La demande étudiante entretient cette tension. En effet, en tant que 2e meilleure ville étudiante de France en 2026, Rennes compte quelque 73 000 étudiants et figure parmi les marchés locatifs les plus tendus de France. La Chambre FPI Bretagne le résume ainsi :
À Rennes, la demande locative est structurellement supérieure à l'offre. La pénurie de logements étudiants se creuse chaque année, et les programmes neufs peinent à répondre à cette pression.
Un responsable de la Chambre FPI Bretagne, conférence de presse FPI, novembre 2025.
Pour l'acheteur, le neuf conserve des atouts que le seul prix au m² ne dit pas : des frais de notaire réduits à 2-3 % contre 7-8 % dans l'ancien, une TVA parfois abaissée à 5,5 % dans les secteurs éligibles, et une garantie de performance énergétique RE2020 à la livraison. Rennes Métropole vise par ailleurs 5 000 logements produits par an dans son Programme local de l'habitat 2023-2028, un objectif qui pèse sur l'offre future.
Financer un achat rennais à l'été 2026 : la fenêtre se referme lentement
Le crédit reste le nerf de la reprise. Le taux moyen des prêts immobiliers s'établissait à 3,23 % en mars 2026, stable sur le trimestre, selon l'Observatoire Crédit Logement/CSA. Loin des 4,5 % de fin 2023, ce niveau redonne de la capacité d'emprunt aux ménages rennais. Mais l'accalmie a une date de péremption.
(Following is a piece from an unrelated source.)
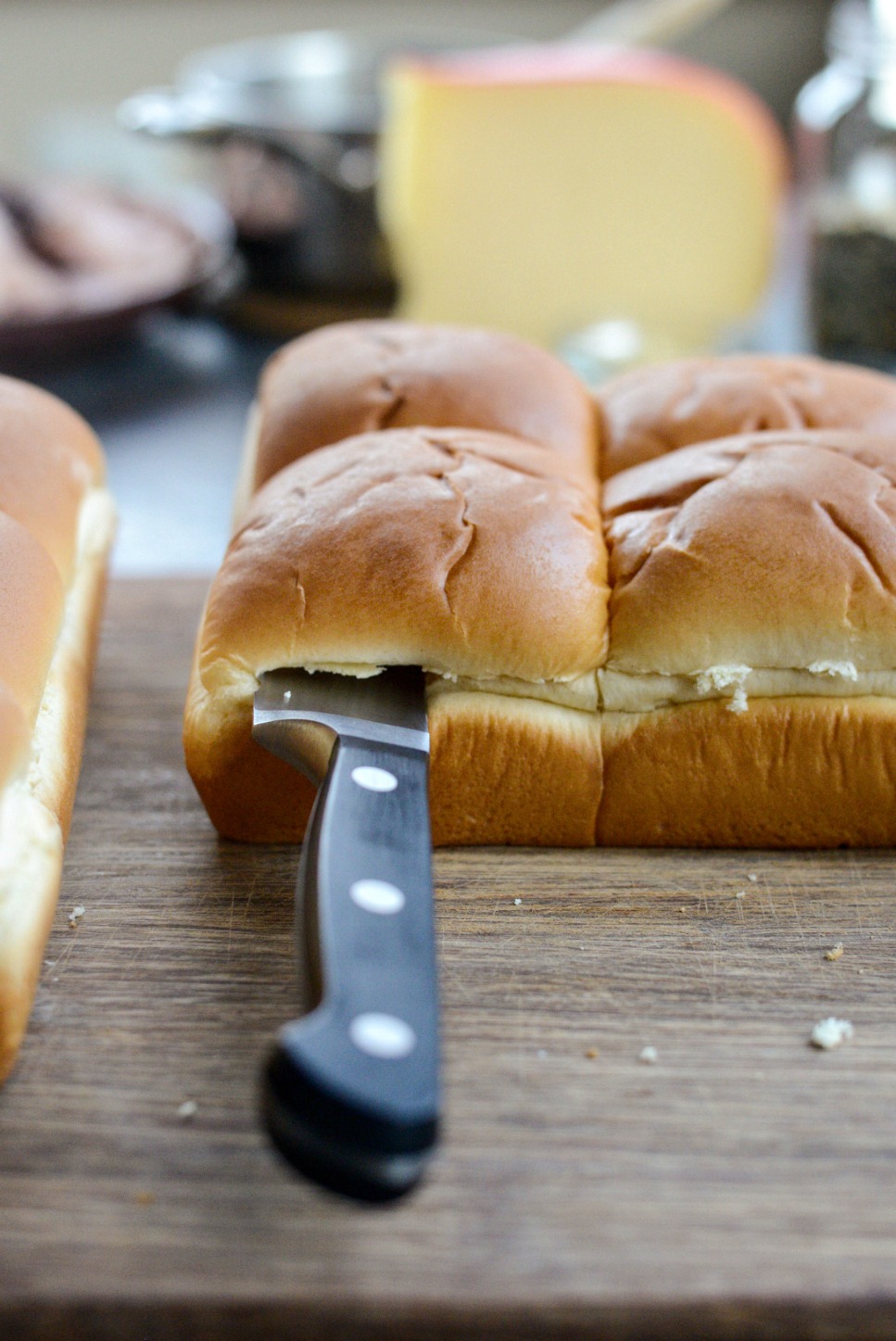 cut rolls in half horizontally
Deux forces poussent désormais à la hausse. La Banque centrale européenne a relevé ses taux directeurs de 0,25 point le 11 juin 2026, et l'OAT 10 ans, référence des taux fixes, a dépassé les 4 % le 20 mai avant de refluer autour de 3,61 %. Michel Mouillart, qui pilote l'Observatoire Crédit Logement, prévient :
La remontée des taux des crédits immobiliers devrait reprendre à partir de l'été et se poursuivre en 2027 [...] la production de crédits restera probablement assez sélective.Observatoire Crédit Logement/CSA, tableau de bord du 1er trimestre 2026.
La sélectivité, justement, est le mot d'ordre des banques. Apport, reste à vivre, stabilité de l'emploi : les dossiers solides captent les meilleures conditions, les autres patientent. Les chiffres de reprise varient selon le périmètre retenu. la production de crédit progresse d'environ 6 % au premier trimestre 2026 selon la Banque de France et la Fédération bancaire française, quand l'Observatoire Crédit Logement, hors rachats de prêts, ne relève que +0,8 % pour la production et +4,7 % pour le nombre de prêts. Dans les deux cas, le blocage de 2022-2024 s'éloigne, sans que l'activité retrouve ses volumes d'avant-crise.
Côté loyers, le rapport de force reste favorable aux bailleurs. Au 1er juillet 2026, MeilleursAgents situe le loyer moyen à 14,9 €/m² pour un appartement et 15,2 €/m² pour une maison, avec une part de locataires proche de 63 %. À l'entrée de l'été 2026, le prix immobilier à Rennes confirme une reprise réelle mais sélective, qui récompense l'emplacement, la desserte et la sobriété énergétique.